HOW TO COMPLETE THIS TASK
Set down the data again word for word. Skip any pictures.

SUPPLIED MATERIAL
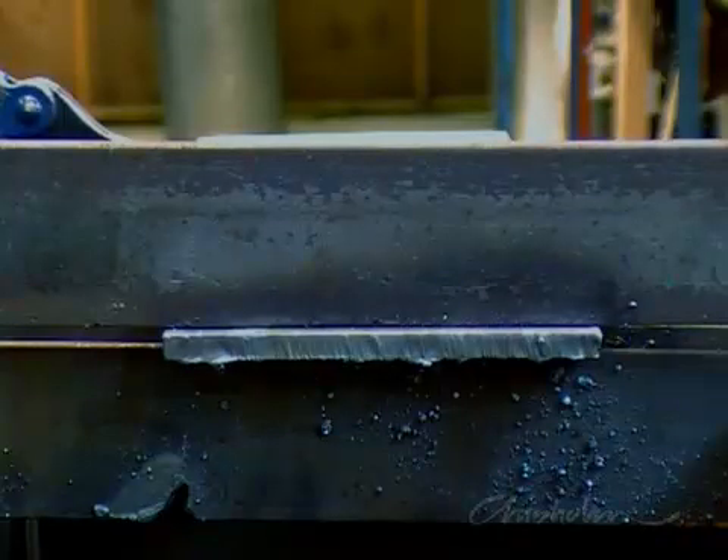Try to keep the torch movement constant and steady. A good oxy cut will let the piece fall away, showing square edges and a straight drag line pattern along the cut.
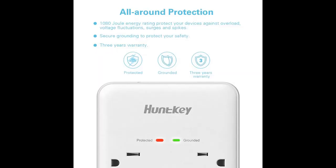ABS is an opaque thermoplastic characterized by resistance to chemicals, heat, and impact — the anti-fire solution that you can rely on.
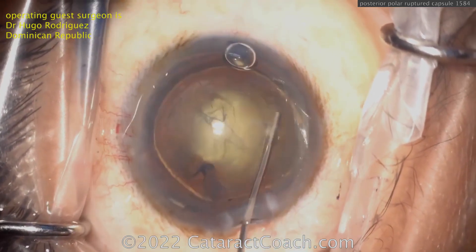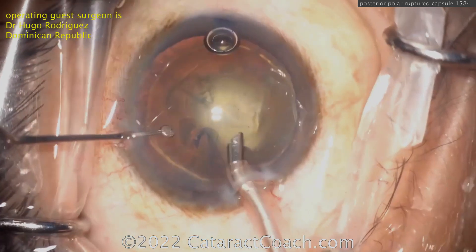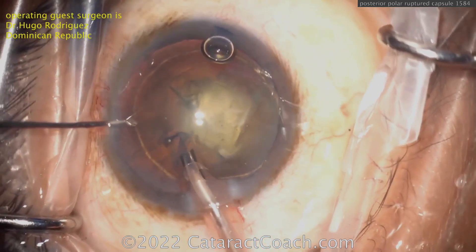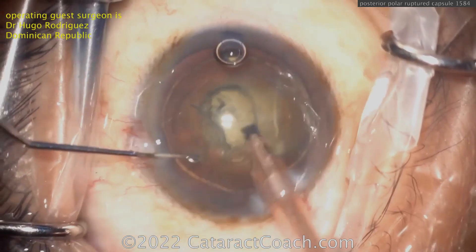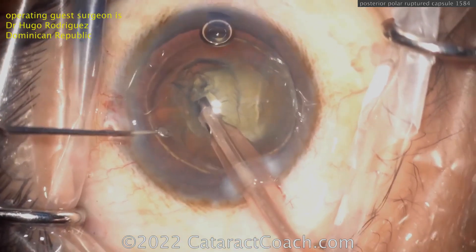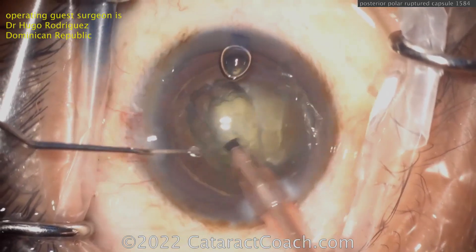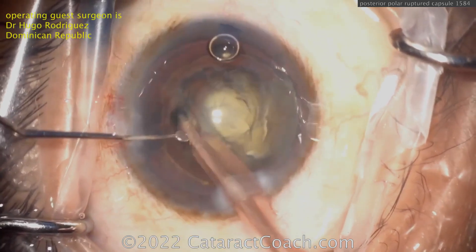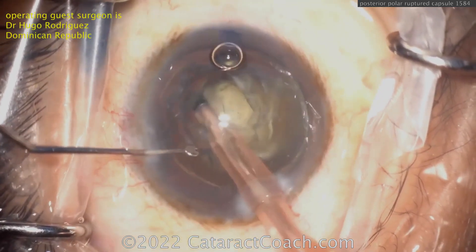A little hydrodelineation here, nicely done. Notice — no hydrodissection. Very smart move here. Going in with the phaco probe, the goal is to get that endonucleus out of the eye. The delineation separates the endonucleus while leaving the epinuclear shell and cortex still in the bag. In a posterior polar, no hydrodissection — very important.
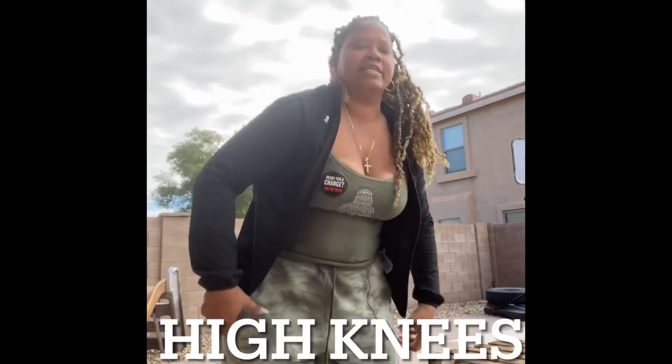Next we're going to go to high knees — just the regular high knees, like the running one. Again, you can stand against the wall and do this, but you're just going to bring your knee up.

RESPONSE TO THE TASK
Try to keep the torch movement constant and steady. A good oxy cut will let the piece fall away, showing square edges and a straight drag line pattern along the cut.
ABS is an opaque thermoplastic characterized by resistance to chemicals, heat, and impact — the anti-fire solution that you can rely on.
A little hydrodelineation here, nicely done. Notice — no hydrodissection. Very smart move here. Going in with the phaco probe, the goal is to get that endonucleus out of the eye. The delineation separates the endonucleus while leaving the epinuclear shell and cortex still in the bag. In a posterior polar, no hydrodissection — very important.
Next we're going to go to high knees — just the regular high knees, like the running one. Again, you can stand against the wall and do this, but you're just going to bring your knee up.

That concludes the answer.